A diminuição das chuvas no Pará permitiu uma intensificação do desmatamento no estado. O desmatamento detectado em junho dobrou em relação ao mês anterior, pulando de 10.611 hectares para 21.462. Já na porção mato-grossense da bacia, foram derrubados quase 7 mil hectares no período, sendo que 99,6% foram desmatados ilegalmente.
Os dados são do 13º boletim Sirad X, o sistema de monitoramento de desmatamento da Rede Xingu +, uma articulação de indígenas, ribeirinhos e seus parceiros que vivem ou atuam na bacia do Xingu. [Saiba mais no box abaixo e acesse aqui a publicação].
“Os recursos e o apoio institucional para fiscalização e operações de campo têm diminuído. O problema não é saber onde está o desmatamento, o problema continua sendo a falta de responsabilização dos infratores, que deixa o recado de que o crime compensa”, analisa Ricardo Abad, especialista em sensoriamento remoto ISA.
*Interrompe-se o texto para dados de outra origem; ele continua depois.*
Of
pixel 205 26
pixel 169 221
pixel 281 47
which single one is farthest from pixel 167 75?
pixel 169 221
A Área de Proteção Ambiental (APA) Triunfo do Xingu, no sudeste Pará, foi a Área Protegida mais desmatada no período, com 14.891 hectares de floresta derrubada, o equivalente a 200 árvores por minuto. Nos meses de maio e junho, a APA concentrou 38% do desmatamento na bacia do Xingu e 46% a mais em relação ao mesmo período do ano passado.
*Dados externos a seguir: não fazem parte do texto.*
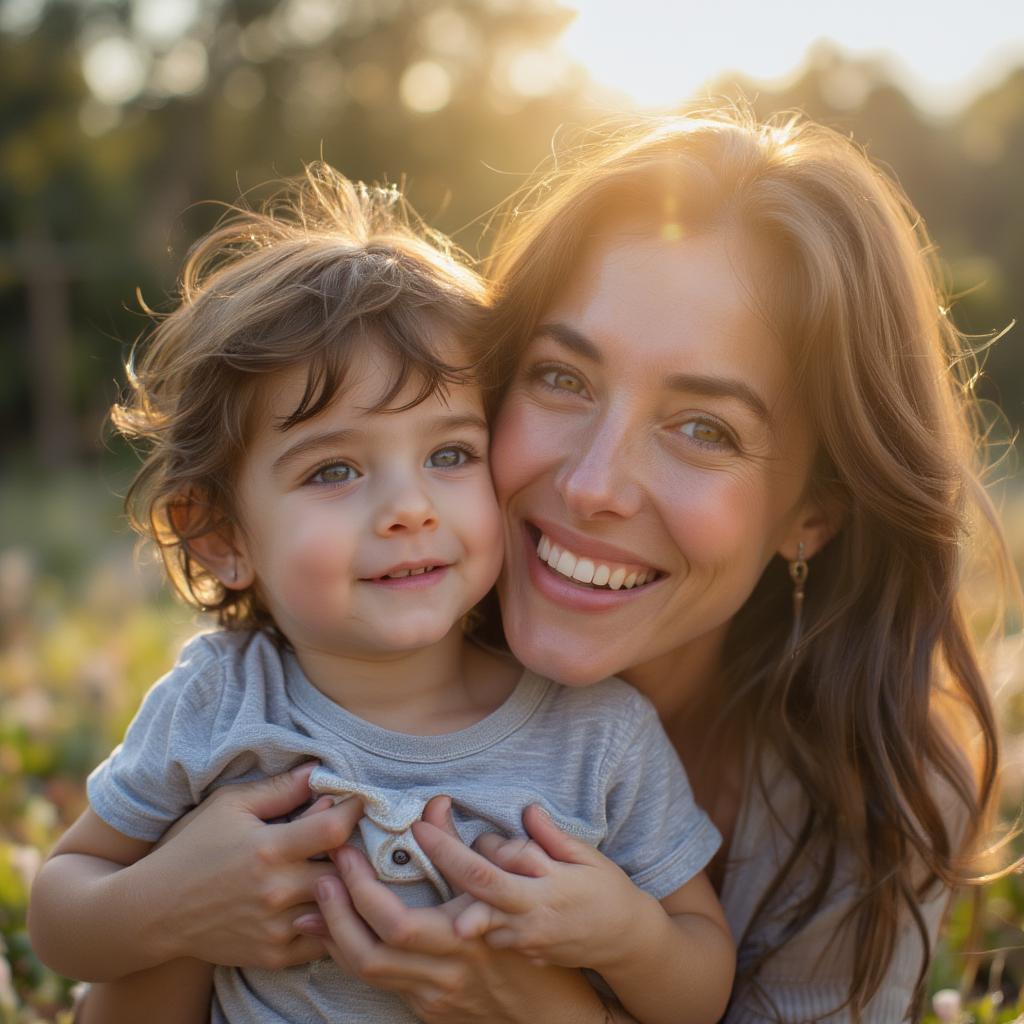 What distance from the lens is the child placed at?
242cm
Sem zoneamento e nem plano de manejo, a APA vem sendo desmatada intensamente nos últimos anos. Ao todo, a UC já teve 36% da sua área florestal convertida para outros usos - como pecuária e mineração. Essas atividades, em sua maioria concentradas nas bordas, exercem pressão sobre as áreas protegidas vizinhas, como a Estação Ecológica da Terra do Meio e o Parque Nacional da Serra do Pardo.
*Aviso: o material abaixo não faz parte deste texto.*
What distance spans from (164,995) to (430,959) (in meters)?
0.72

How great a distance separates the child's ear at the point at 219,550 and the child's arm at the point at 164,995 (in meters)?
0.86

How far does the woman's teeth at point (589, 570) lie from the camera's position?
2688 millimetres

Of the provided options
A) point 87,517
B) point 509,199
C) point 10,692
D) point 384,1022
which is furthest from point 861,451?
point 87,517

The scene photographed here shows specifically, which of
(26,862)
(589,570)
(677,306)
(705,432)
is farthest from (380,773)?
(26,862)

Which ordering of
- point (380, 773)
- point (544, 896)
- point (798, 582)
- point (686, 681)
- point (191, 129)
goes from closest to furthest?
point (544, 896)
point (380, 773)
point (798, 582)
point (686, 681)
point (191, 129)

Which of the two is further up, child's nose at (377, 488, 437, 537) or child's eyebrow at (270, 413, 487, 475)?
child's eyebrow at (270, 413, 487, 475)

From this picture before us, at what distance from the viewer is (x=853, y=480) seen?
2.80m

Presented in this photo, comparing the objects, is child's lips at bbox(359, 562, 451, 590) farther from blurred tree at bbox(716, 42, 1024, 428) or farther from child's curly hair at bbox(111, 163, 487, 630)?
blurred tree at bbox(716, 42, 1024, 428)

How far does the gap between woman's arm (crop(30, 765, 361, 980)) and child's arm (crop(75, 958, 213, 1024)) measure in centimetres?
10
Andrea Coelho, diretora de fiscalização da Secretaria de Estado de Meio Ambiente e Sustentabilidade (Semas) do Pará, afirma que o órgão está atento e tomando medidas para coibir as atividades ilegais. “Estamos diante de um contexto muito negativo para a área ambiental. A mensagem é que tudo pode: desmatar pode, explorar madeira pode, garimpo ilegal pode, etc”, comenta.
Júlio César Meyer, diretor de gestão e monitoramento do Instituto de Desenvolvimento Florestal e da Biodiversidade do Estado do Pará (Ideflor-Bio), não se surpreende com as altas taxas. “Infelizmente é um número alto sempre, mas muito em função do local onde a APA está localizada, no ‘arco do desmatamento’, onde tem tradicionalmente taxas elevadíssimas de desmatamento”, explica.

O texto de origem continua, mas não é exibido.